→ **DATA PROVIDED**
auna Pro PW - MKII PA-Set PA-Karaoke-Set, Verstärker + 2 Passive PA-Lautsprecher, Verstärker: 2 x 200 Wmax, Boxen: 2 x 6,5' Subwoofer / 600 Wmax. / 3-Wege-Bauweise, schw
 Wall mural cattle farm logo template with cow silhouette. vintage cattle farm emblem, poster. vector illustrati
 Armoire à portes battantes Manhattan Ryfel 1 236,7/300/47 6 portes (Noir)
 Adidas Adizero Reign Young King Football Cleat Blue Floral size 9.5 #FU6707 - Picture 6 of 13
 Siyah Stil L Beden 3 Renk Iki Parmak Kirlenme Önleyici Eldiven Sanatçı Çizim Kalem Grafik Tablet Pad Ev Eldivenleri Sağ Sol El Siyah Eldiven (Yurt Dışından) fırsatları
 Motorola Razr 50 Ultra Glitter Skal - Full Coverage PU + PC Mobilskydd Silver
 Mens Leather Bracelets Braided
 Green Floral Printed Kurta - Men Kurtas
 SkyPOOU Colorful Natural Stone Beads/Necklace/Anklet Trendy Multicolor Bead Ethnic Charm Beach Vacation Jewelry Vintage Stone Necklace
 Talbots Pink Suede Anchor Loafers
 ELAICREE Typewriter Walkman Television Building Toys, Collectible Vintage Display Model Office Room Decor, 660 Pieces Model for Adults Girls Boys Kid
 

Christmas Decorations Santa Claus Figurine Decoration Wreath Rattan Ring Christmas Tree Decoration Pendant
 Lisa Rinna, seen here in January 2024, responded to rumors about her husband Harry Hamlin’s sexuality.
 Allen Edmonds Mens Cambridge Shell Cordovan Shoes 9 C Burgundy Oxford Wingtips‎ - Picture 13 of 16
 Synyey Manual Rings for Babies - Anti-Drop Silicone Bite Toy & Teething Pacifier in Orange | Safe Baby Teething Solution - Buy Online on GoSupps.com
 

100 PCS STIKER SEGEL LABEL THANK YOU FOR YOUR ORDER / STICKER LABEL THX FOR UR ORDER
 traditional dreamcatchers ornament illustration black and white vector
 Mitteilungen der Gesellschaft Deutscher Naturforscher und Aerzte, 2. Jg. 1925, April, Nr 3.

→ **AIM OF THE EXERCISE**
Among the entries above, the lines between the ones containing "Siyah Stil L" and "Lisa Rinna, seen", inclusive, are to be transcribed exactly. No other line is to be given.

→ **SOLUTION FOR THIS EXERCISE**
 Siyah Stil L Beden 3 Renk Iki Parmak Kirlenme Önleyici Eldiven Sanatçı Çizim Kalem Grafik Tablet Pad Ev Eldivenleri Sağ Sol El Siyah Eldiven (Yurt Dışından) fırsatları
 Motorola Razr 50 Ultra Glitter Skal - Full Coverage PU + PC Mobilskydd Silver
 Mens Leather Bracelets Braided
 Green Floral Printed Kurta - Men Kurtas
 SkyPOOU Colorful Natural Stone Beads/Necklace/Anklet Trendy Multicolor Bead Ethnic Charm Beach Vacation Jewelry Vintage Stone Necklace
 Talbots Pink Suede Anchor Loafers
 ELAICREE Typewriter Walkman Television Building Toys, Collectible Vintage Display Model Office Room Decor, 660 Pieces Model for Adults Girls Boys Kid
 

Christmas Decorations Santa Claus Figurine Decoration Wreath Rattan Ring Christmas Tree Decoration Pendant
 Lisa Rinna, seen here in January 2024, responded to rumors about her husband Harry Hamlin’s sexuality.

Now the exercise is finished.